WORK TO BE COMPLETED ::
Would you transcribe the line that holds "Alt view image", plus every line beneath it through the end of the data, exactly and with nothing added?

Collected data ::
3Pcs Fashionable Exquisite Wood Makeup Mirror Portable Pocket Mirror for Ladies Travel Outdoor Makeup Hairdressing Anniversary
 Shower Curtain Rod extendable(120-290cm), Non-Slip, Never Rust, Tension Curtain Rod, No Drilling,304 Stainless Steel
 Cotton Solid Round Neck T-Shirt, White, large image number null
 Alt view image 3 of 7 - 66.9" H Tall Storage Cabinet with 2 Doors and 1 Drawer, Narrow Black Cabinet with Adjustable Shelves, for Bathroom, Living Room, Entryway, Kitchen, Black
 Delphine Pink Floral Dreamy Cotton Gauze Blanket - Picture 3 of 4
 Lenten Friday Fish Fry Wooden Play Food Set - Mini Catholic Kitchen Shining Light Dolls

ANSWER TO THE PROBLEM ::
 Alt view image 3 of 7 - 66.9" H Tall Storage Cabinet with 2 Doors and 1 Drawer, Narrow Black Cabinet with Adjustable Shelves, for Bathroom, Living Room, Entryway, Kitchen, Black
 Delphine Pink Floral Dreamy Cotton Gauze Blanket - Picture 3 of 4
 Lenten Friday Fish Fry Wooden Play Food Set - Mini Catholic Kitchen Shining Light Dolls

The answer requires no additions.